Full Text (529  words)

Will Economy

Lose Support

From Abroad?

As the economy reels from the busted housing bubble, questions loom about whether overseas investors' hunger for U.S. assets will weaken.

For years, the U.S. has run a steep trade deficit with the rest of the world. The so-called current-account balance, broadly speaking, measures the difference between goods and services imported and exported.

The scale has lurched toward the import side of the equation for the U.S., which means the country has been consuming more than it has been saving. Foreign purchases of U.S. assets such as Treasurys have helped finance that spending. This imbalance has inspired all sorts of doomsday forecasts about economic meltdowns and foreign investors dumping dollars and Treasury bonds.

If such scenarios have any merit, today's economic turmoil could test them.

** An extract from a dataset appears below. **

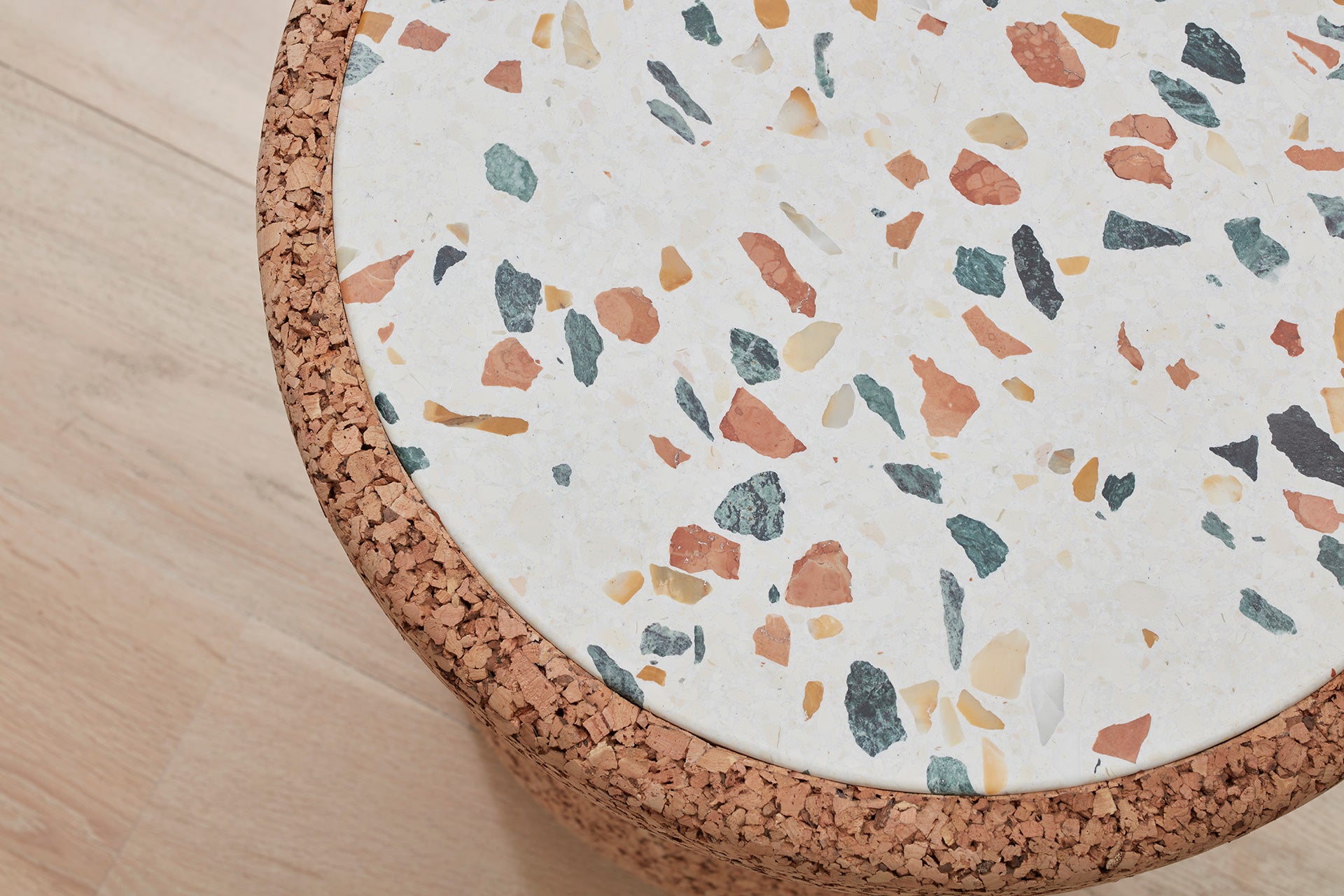 Elegant Kanju Wiid African Cork and Terrazzo Side Table, showcasing a sophisticated blend of sustainable cork and colorful terrazzo. This artisanal piece combines contemporary design with African craftsmanship, ideal for luxury interiors seeking a unique and eco-conscious aesthetic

Economists have wrangled for years about what created the current- account deficit -- a spendthrift U.S. consumer and government are favored targets, with productivity and out-of-kilter currency-exchange rates thrown in. Economists love even more to speculate about what could turn it around.

Some unwinding already has taken place. After expanding for more than a decade, the current-account balance started narrowing about two years ago. The deficit contracted to 5.1% of gross domestic product in last year's third quarter, from the record 6.8% in the fourth quarter of 2005.

Credit the weak dollar, which helped raise demand for U.S. goods and services overseas, and made imports more costly. The deficit needs to contract further to restore harmony to global trade. Consumer spending could be the next domino to fall.

As the disappointing holiday sales season showed, the American consumer isn't in fine fettle. Trouble is, consumer spending is the backbone of the U.S. economy, representing about 70% of output. If Americans tighten their belts too much, it could trigger a recession that spreads overseas. The result: a vicious cycle in which foreign spending on U.S. goods falls, making the recession even deeper. If overseas investors get too jumpy about the U.S. economy, their appetite for U.S. assets could dwindle.

Some think consumers in fast-growing countries such as China and India can offset a U.S. slowdown. Morgan Stanley's Stephen Roach says it is folly to believe a recession in the U.S. won't ruffle foreign feathers. He estimates that American consumers spent $9.5 trillion in 2007, compared with $1 trillion in China and $650 billion in India.

For now, foreign investors don't seem to be tiring of U.S. assets. The Treasury Department said last week that net foreign-capital inflows into the U.S. in November rose to the highest level in nearly two years. Government investment funds, also known as sovereign wealth funds, are tripping over themselves to snap up stakes in beleaguered American financials.

Still, there is little question that the American consumer is cutting back. Few know for certain how the process will play out, which is one reason investors are so jittery these days.

"The big macro issue for this decade is what the U.S. current- account adjustment will look like," says Lou Crandall, chief economist at Wrightson ICAP. "Any adjustment will require an adjustment in consumer spending, the question is will it be orderly?"